I think Michsnowfreak will be putting all of us in tears this year. AN precip is a near guarantee for him with BN temps a better than even bet. 

Hopefully, I can scratch out at least 20", which would only be 2/3 of average. 20/21 was the last year time at or AN here.

Haha thank you for your confidence, but we all know how the weather works, no guarantees. The composite maps from CPC are actually too good right now, they would imply a storm track just to our east loading us up with lots of snow as the warmth stays east and the cold to our north and northwest is ample. But a composite map rarely will pan out.

What I like about this winter- A very strong early model signal for AN precip, and combine that with Nina climo and increasingly wetter/snowier winters the past several decades, I expect "average precip" to be the low bar. We also tend to have more wiggle room for an average snow season regardless of temps. After our mega snow blitz from 2007-15, we have been fairly average-ish in the snow department. The only standout winters since 2016 were 2017-18 (snowy at 61.0") and 2023-24 (low snow at 23.5"). Last winter was the first significantly below average snow season since 2011-12, and that low season was sandwiched in by heavy snow winters before and after. ENSO and all other factors aside, its very common for us to have a snowy winter after a sub-25" winter.

What I dont like about this winter- Definitely like more than I dont like, but one thing that always worries me is the usual Nina rollercoaster. They can be some of the most up and down winters we see, so I really dont expect a great snowpack season. In the unlikely event timing is always bad, we could waste a lot of storms on rain and bad tracks to our west, surviving mostly on wraparound, lake effect, and clippers. And of course the pacific worries of the past many years come to mind.

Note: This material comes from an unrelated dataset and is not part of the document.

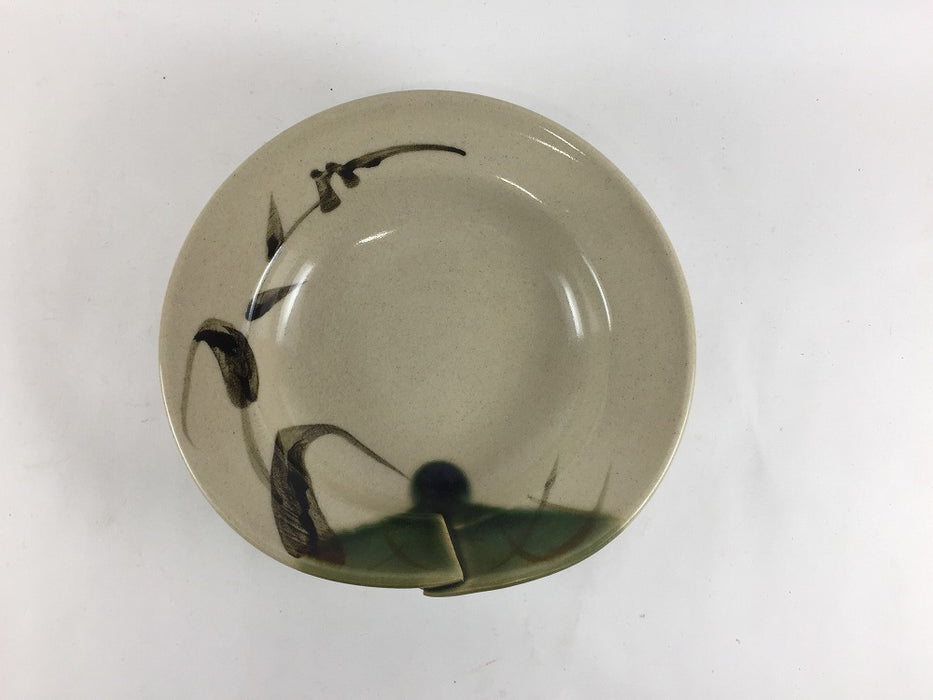 【SALE】切合せ向　織部芦絵　15cm　有田焼【訳あり】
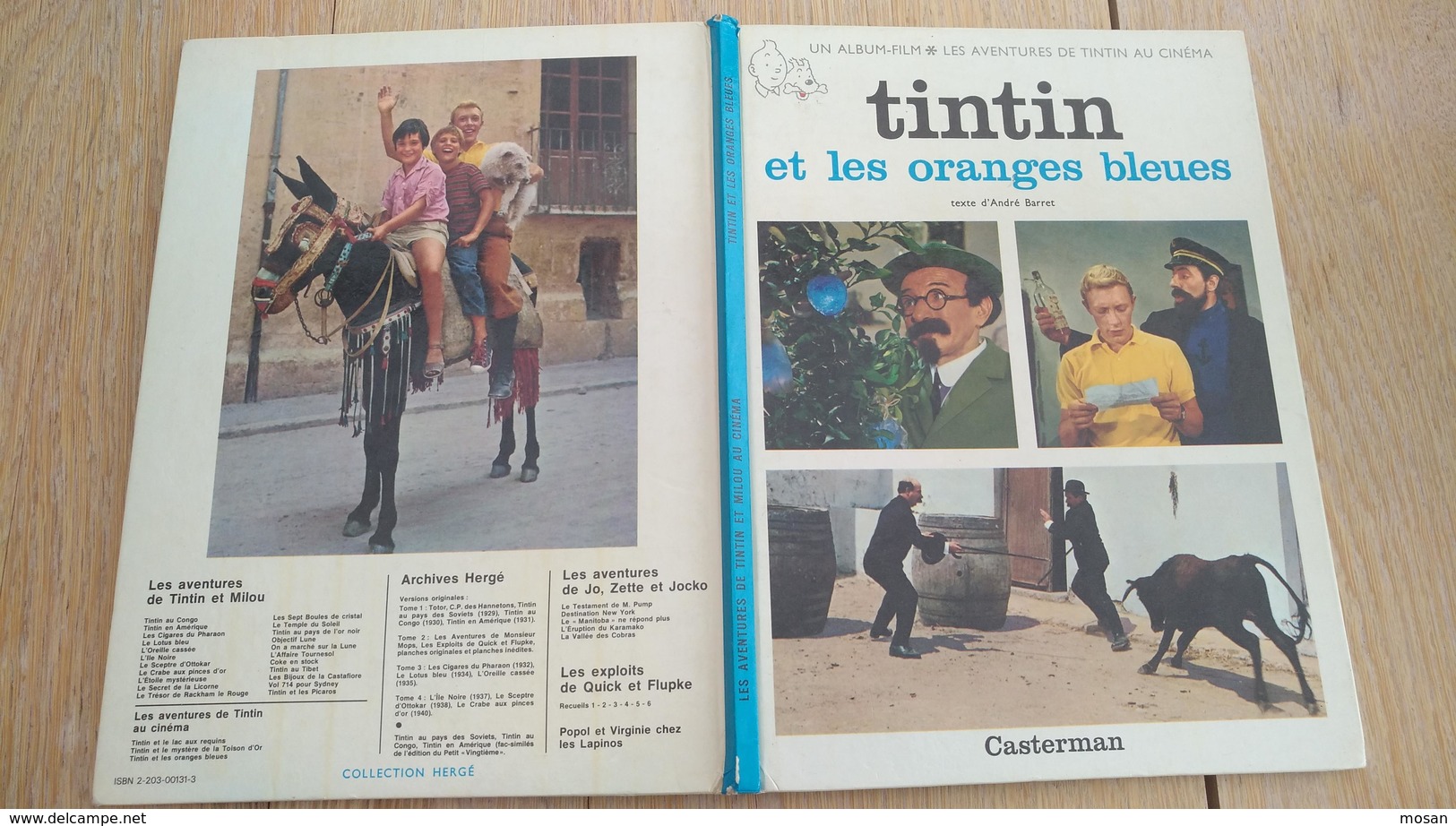 Tintin Et Les Oranges Bleues. Album Film. D'après L'oeuvre De Hergé. Texte D'André Barret - Hergé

We actually get treated to some good dynamic wet snowstorms/thundersnows in those patterns usually, but I can kiss a lot of snowcover goodbye.

Bottom line- If the anamalous cold to the north and warm to the south pans out, I fully expect some great winter storms somewhere in the midwest & Great Lakes, along with some arctic outbreaks flirting with record cold and some torches flirting with record warmth at some point during the season.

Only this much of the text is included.